_Assigned task_
Every line of the listing below is to be repeated exactly; the pictures stay out.

_Available data_
::::::::
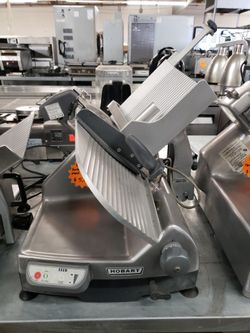 Used Hobart Automatic Slicer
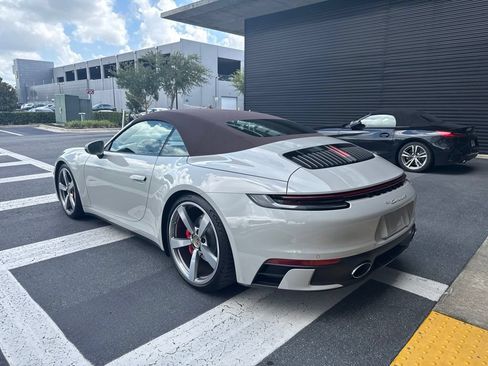 Certified 2020 Porsche 911 Carrera 4S AWD/4WD image 7
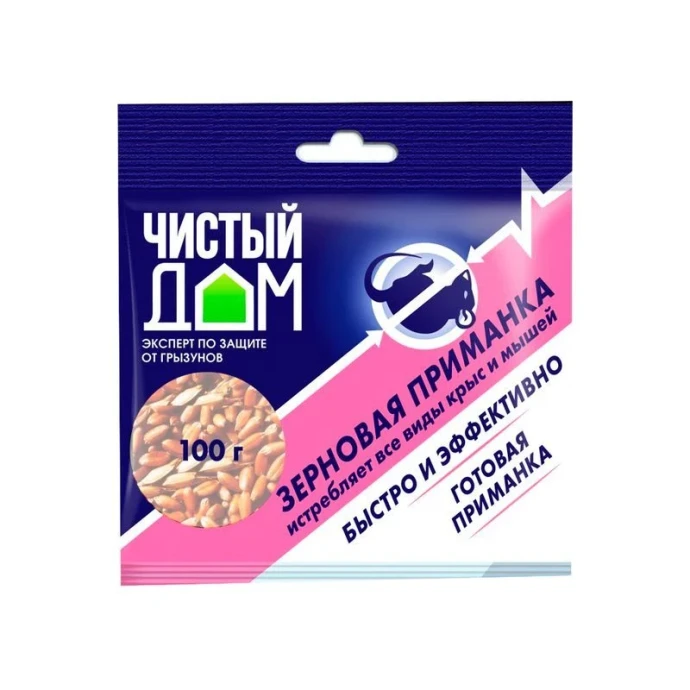 03-016 - средства от грызунов 0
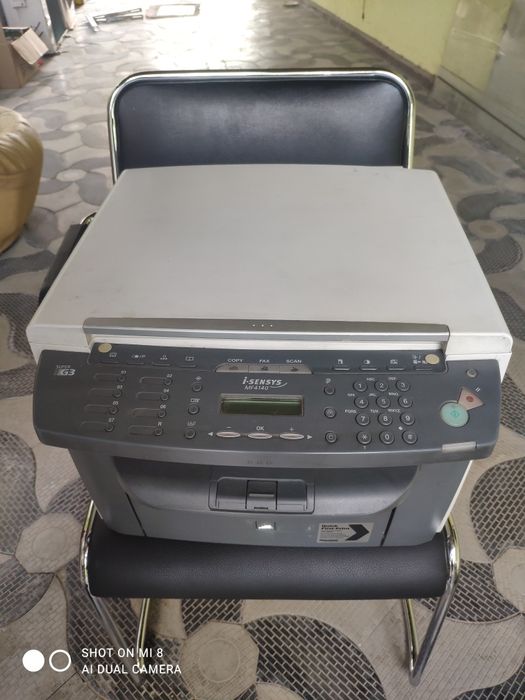 Легендарный МФУ Canon MF4140 принтер копир сканер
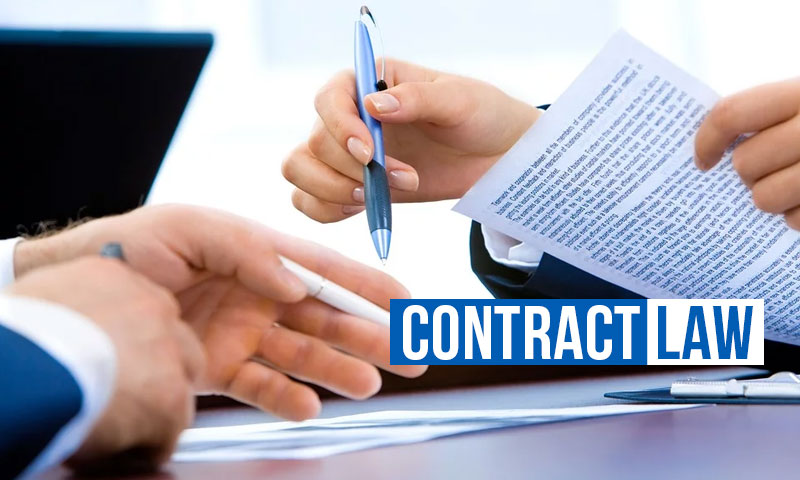 Law On Damages For Breach Of Contract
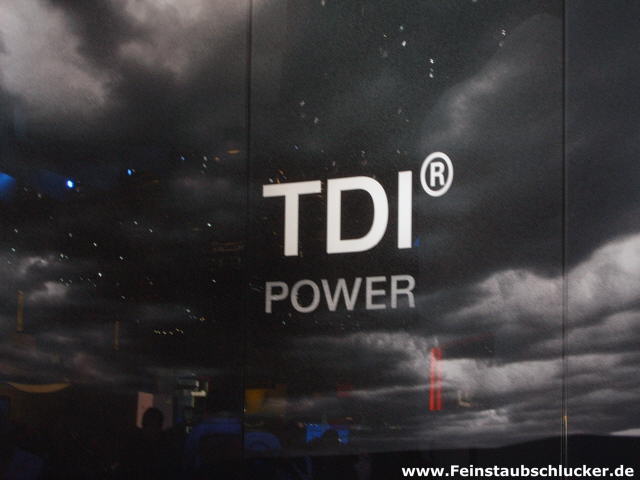 Audi R10 TDI - TDI Power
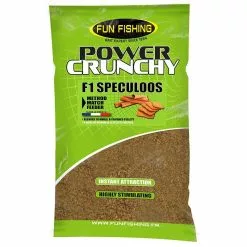 AMORCE FUN FISHING POWER CRUNCHY - 2KG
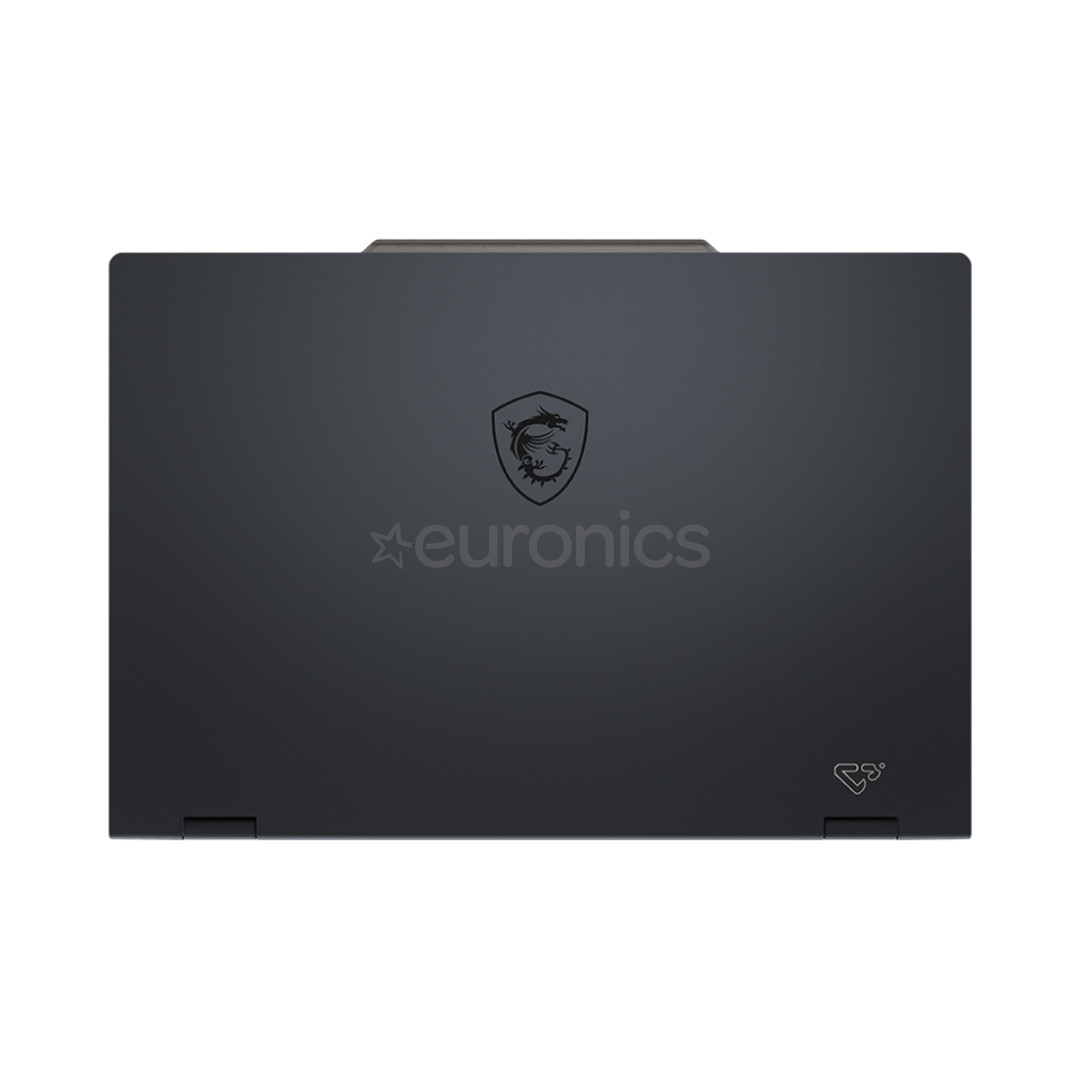 MSI Cyborg 15, 15,6'', 144 Гц, Core 7, 32 ГБ, 512 ГБ, RTX 5070, ENG, черный - Ноутбук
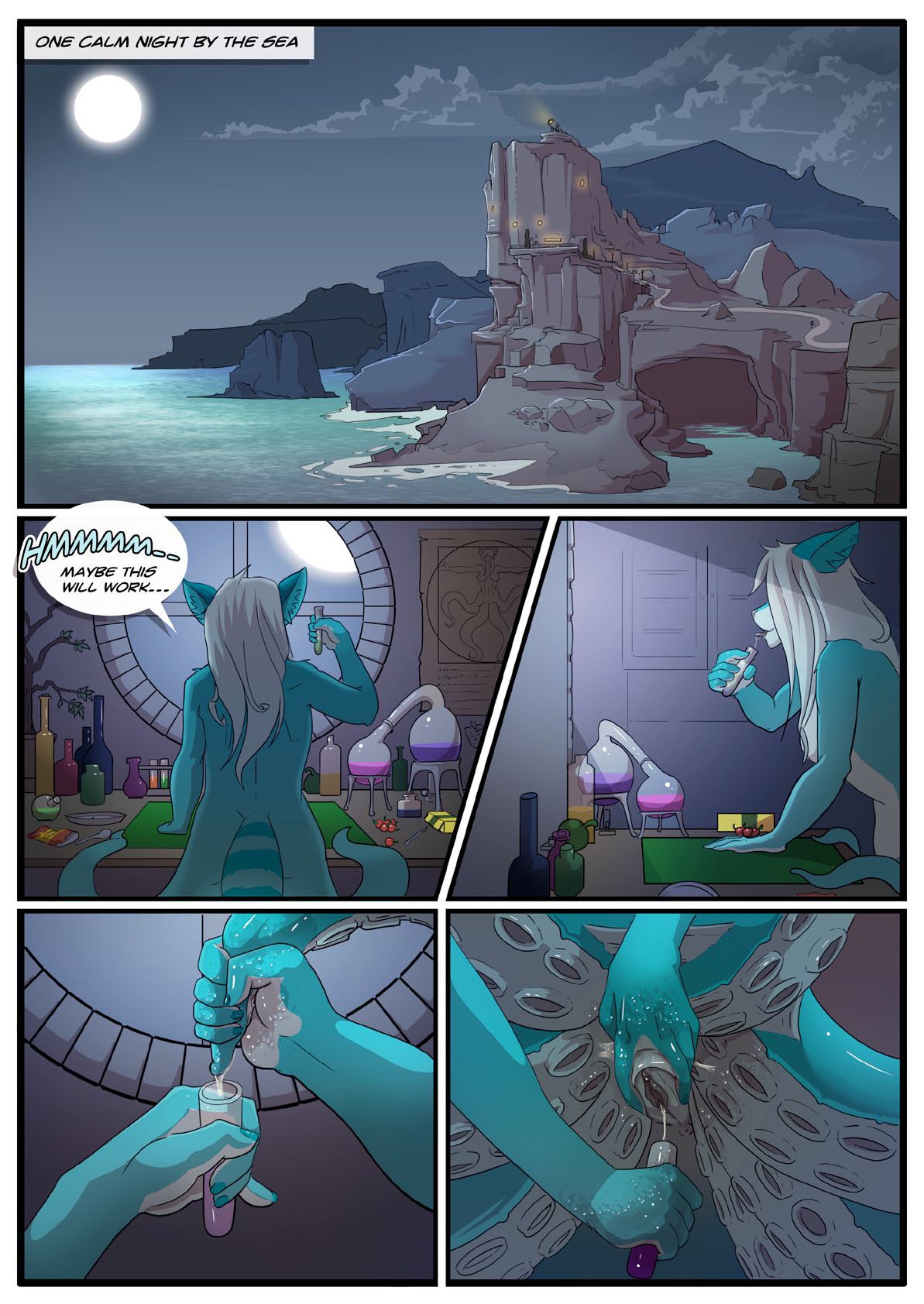 A sea side Tale page 2 full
::::::::
_Answer for this exercise_
 Used Hobart Automatic Slicer
 Certified 2020 Porsche 911 Carrera 4S AWD/4WD image 7
 03-016 - средства от грызунов 0
 Легендарный МФУ Canon MF4140 принтер копир сканер
 Law On Damages For Breach Of Contract
 Audi R10 TDI - TDI Power
 AMORCE FUN FISHING POWER CRUNCHY - 2KG
 MSI Cyborg 15, 15,6'', 144 Гц, Core 7, 32 ГБ, 512 ГБ, RTX 5070, ENG, черный - Ноутбук
 A sea side Tale page 2 full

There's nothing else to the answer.